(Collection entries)
☆ ☆ ☆

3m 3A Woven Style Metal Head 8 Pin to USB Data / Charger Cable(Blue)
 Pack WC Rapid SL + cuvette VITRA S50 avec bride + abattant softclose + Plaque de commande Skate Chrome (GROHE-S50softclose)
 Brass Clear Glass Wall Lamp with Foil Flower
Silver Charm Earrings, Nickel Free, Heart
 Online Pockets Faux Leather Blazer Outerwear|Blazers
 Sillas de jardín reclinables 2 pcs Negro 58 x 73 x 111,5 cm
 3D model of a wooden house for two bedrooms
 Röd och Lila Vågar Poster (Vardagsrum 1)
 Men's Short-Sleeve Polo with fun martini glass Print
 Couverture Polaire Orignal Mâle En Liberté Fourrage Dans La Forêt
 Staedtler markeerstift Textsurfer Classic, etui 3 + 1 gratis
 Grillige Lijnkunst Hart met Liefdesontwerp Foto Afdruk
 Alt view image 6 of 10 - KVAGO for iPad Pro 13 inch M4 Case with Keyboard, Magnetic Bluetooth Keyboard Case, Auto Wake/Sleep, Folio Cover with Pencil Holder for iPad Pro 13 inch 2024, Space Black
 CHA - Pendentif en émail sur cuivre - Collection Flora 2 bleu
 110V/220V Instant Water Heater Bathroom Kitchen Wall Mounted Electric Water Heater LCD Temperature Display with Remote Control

☆ ☆ ☆

| What to do |
What you return should match the entries above exactly.

| Solution for this exercise |
3m 3A Woven Style Metal Head 8 Pin to USB Data / Charger Cable(Blue)
 Pack WC Rapid SL + cuvette VITRA S50 avec bride + abattant softclose + Plaque de commande Skate Chrome (GROHE-S50softclose)
 Brass Clear Glass Wall Lamp with Foil Flower
Silver Charm Earrings, Nickel Free, Heart
 Online Pockets Faux Leather Blazer Outerwear|Blazers
 Sillas de jardín reclinables 2 pcs Negro 58 x 73 x 111,5 cm
 3D model of a wooden house for two bedrooms
 Röd och Lila Vågar Poster (Vardagsrum 1)
 Men's Short-Sleeve Polo with fun martini glass Print
 Couverture Polaire Orignal Mâle En Liberté Fourrage Dans La Forêt
 Staedtler markeerstift Textsurfer Classic, etui 3 + 1 gratis
 Grillige Lijnkunst Hart met Liefdesontwerp Foto Afdruk
 Alt view image 6 of 10 - KVAGO for iPad Pro 13 inch M4 Case with Keyboard, Magnetic Bluetooth Keyboard Case, Auto Wake/Sleep, Folio Cover with Pencil Holder for iPad Pro 13 inch 2024, Space Black
 CHA - Pendentif en émail sur cuivre - Collection Flora 2 bleu
 110V/220V Instant Water Heater Bathroom Kitchen Wall Mounted Electric Water Heater LCD Temperature Display with Remote Control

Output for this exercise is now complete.